Cell-substrate interactions involve constant probing of microenvironment by cells. One of the responses of cells to environmental cues is to change the conformation of their cytoplasm and nucleus. We hypothesized that surface chemistry and topography could be engineered to make these differences significant enough. When designing the substrates that would accentuate these differences, we prepared surfaces carrying cell adhesive biological cues arranged in specific patterns. Collagen type I and poly(lactic acid-co-glycolic acid) (PLGA) were used to represent substrates with biological cues and those without, and these materials were decorated with four square prism micropillars with different dimensions. The nuclear deformations were analyzed using some descriptors.
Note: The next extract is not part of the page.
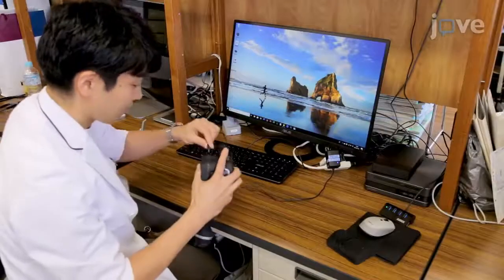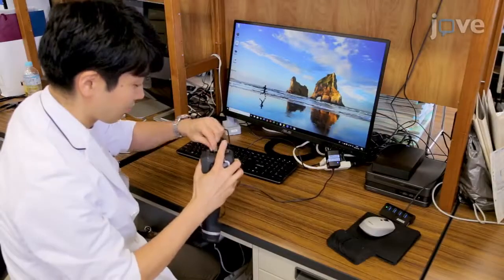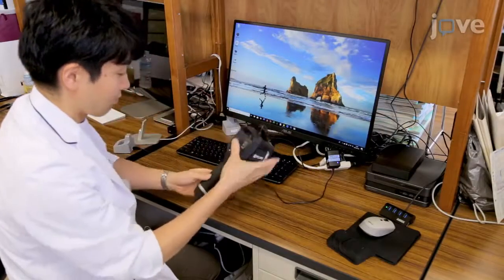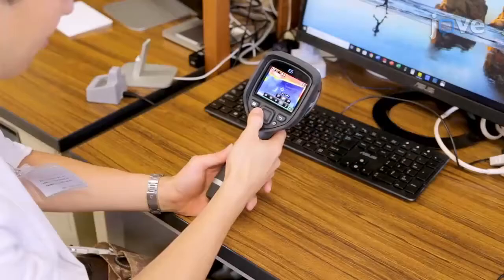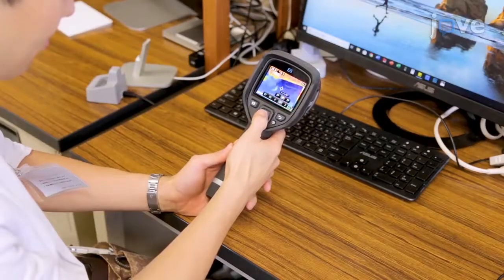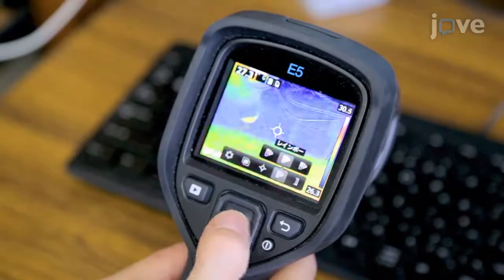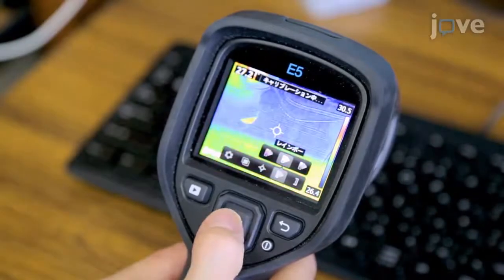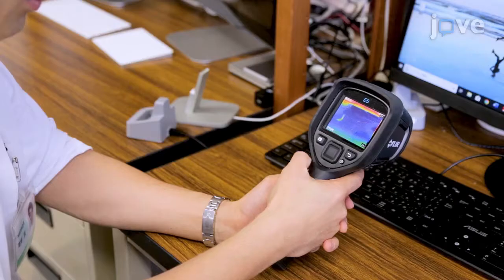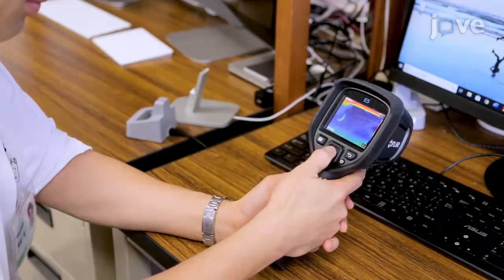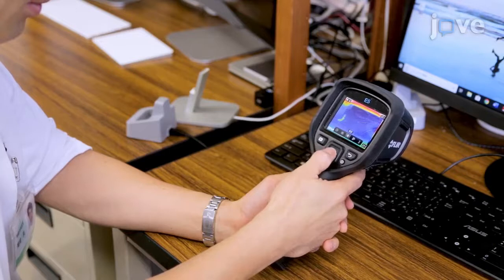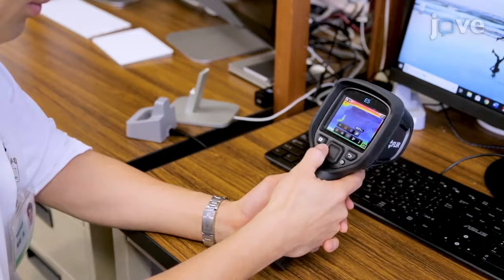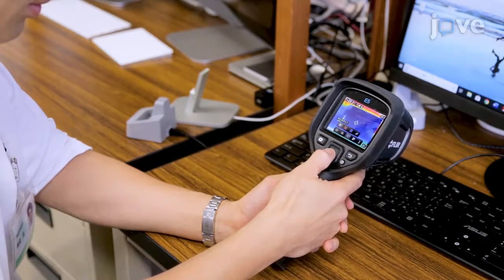Before beginning the measurements, charge and turn on the thermal camera. Press the center button on the camera to display the menu and select color in iron or rainbow. Then press the center button on the camera to display the menu again and select measurement in center spot measurement to allow measurement of the body surface temperature in real time.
Nucleus area and solidity were the best descriptors in distinguishing the substrates in terms of biological cues, while nucleus area, solidity, and circularity were more sensitive to the interpillar distances. Another distinguishing factor tested was the duration of contact. Nucleus area was the only descriptor sensitive to nuclear deformation change with time. PLGA was more suitable in nuclear conformation analysis while collagen was better in cell adhesion and proliferation. These deformations lead to changes in the molecular processes and further studies are needed to better understand cell mechanobiology. (c) 2018 Wiley Periodicals, Inc. J Biomed Mater Res Part B: Appl Biomater, 107B: 366-376, 2019.